• **Work request**
In the data below, the copy begins at the line containing "Casa para Venda" and runs through the last line; repeat those lines exactly, minus the pictures.

• **Data**
____________

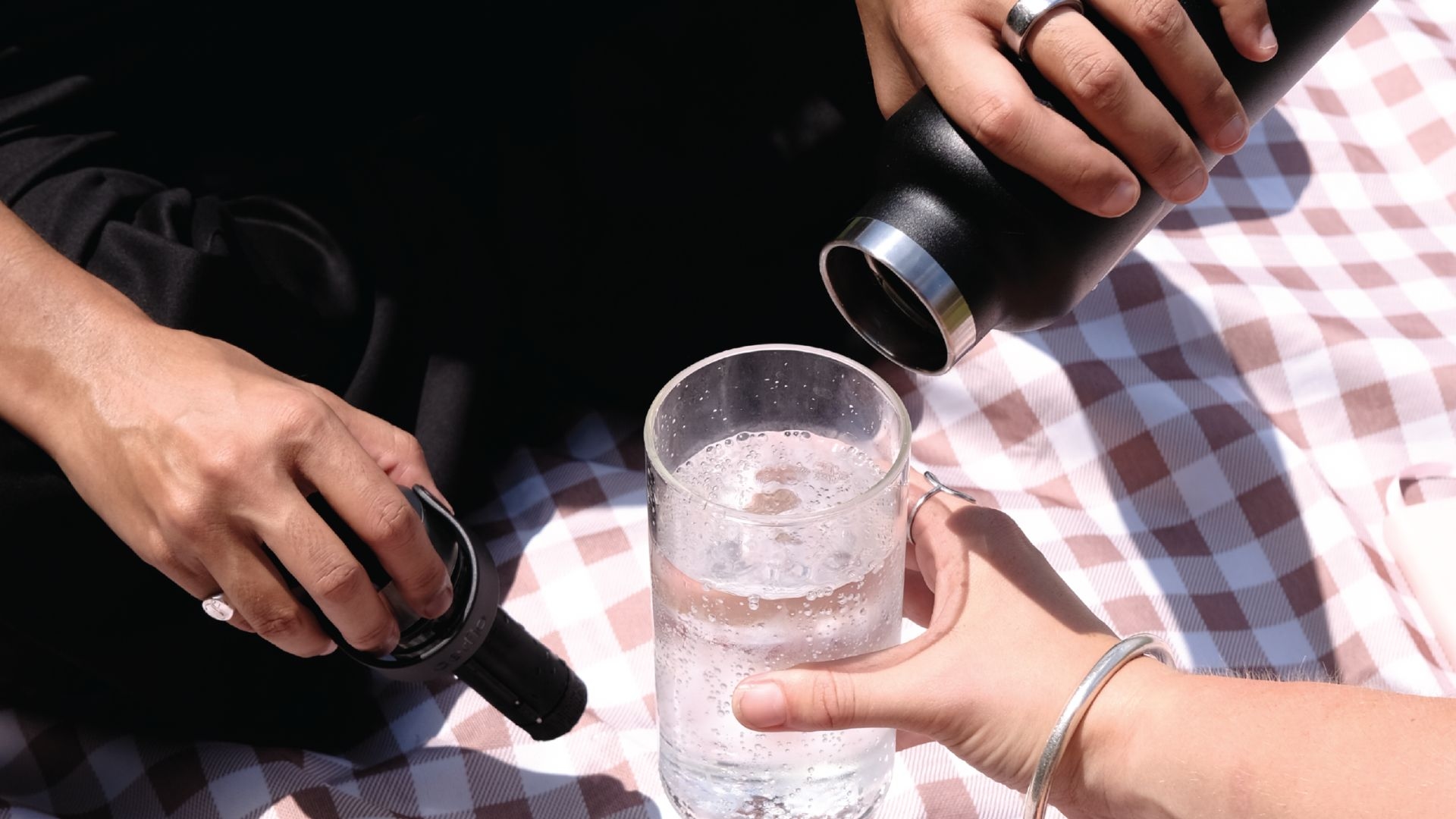 You don't need a SodaStream — this new $54 gadget attaches to your water bottle, and can make fizzy drinks on the go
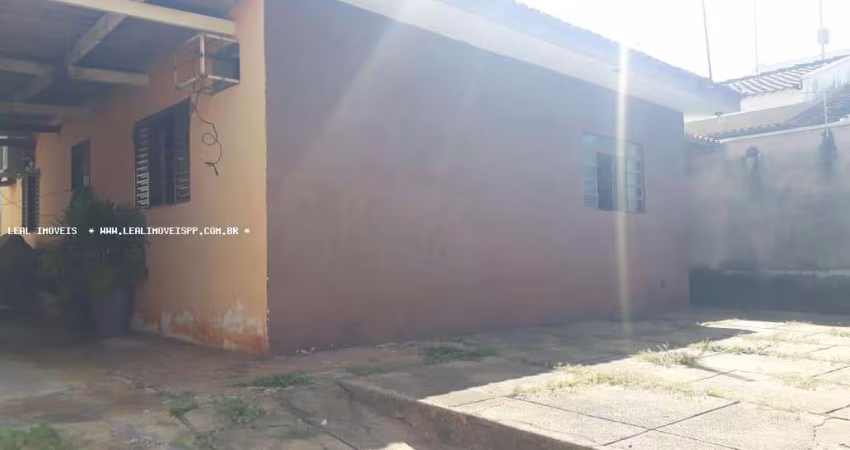 Casa para Venda em Presidente Prudente, VALE DO SOL, 3 dormitórios, 1 banheiro, 1 vaga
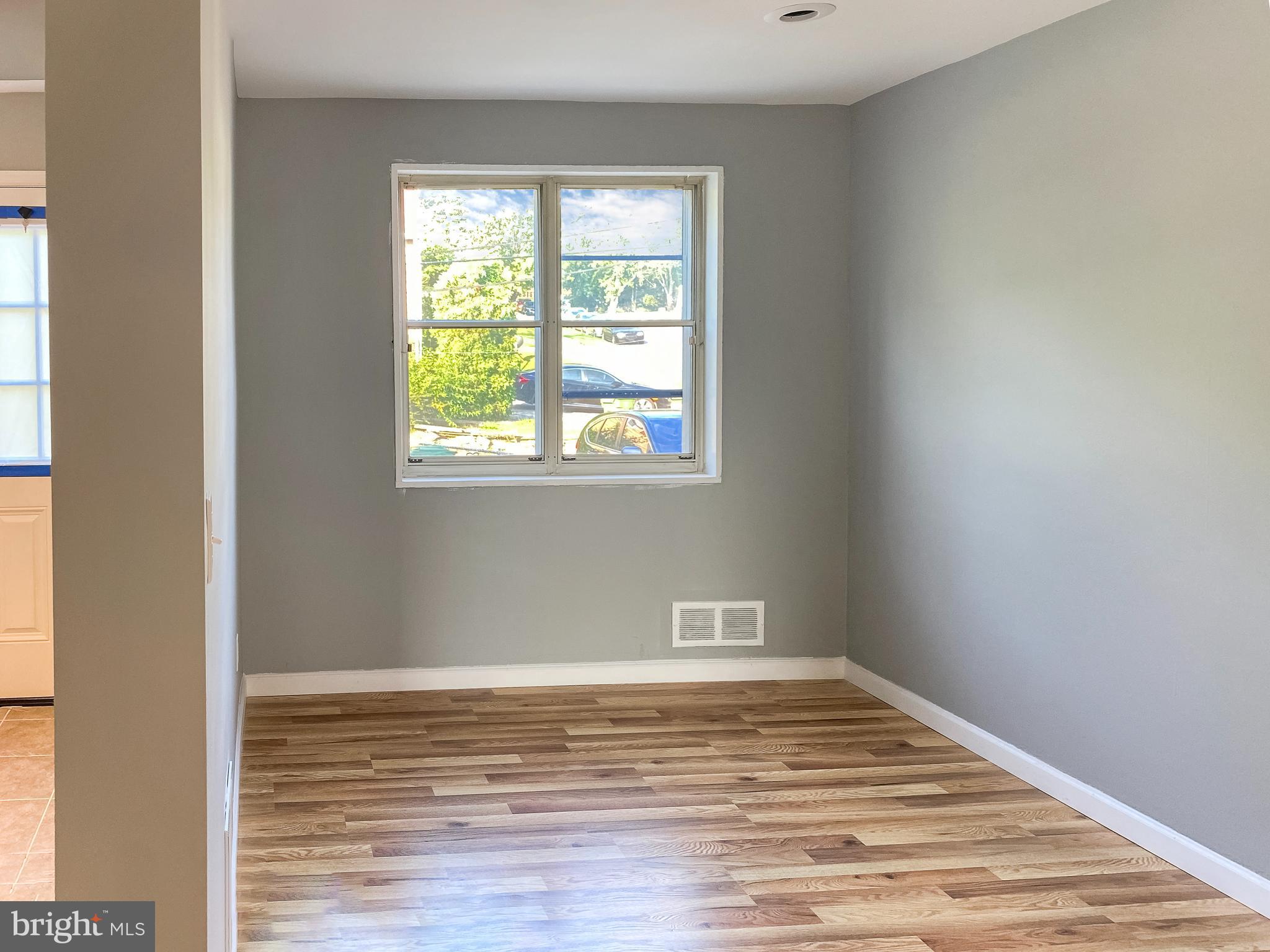 1026 Stamford Road Baltimore, MD 21229 - Photo 13 of 41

____________

• **Answer section**
 Casa para Venda em Presidente Prudente, VALE DO SOL, 3 dormitórios, 1 banheiro, 1 vaga
 1026 Stamford Road Baltimore, MD 21229 - Photo 13 of 41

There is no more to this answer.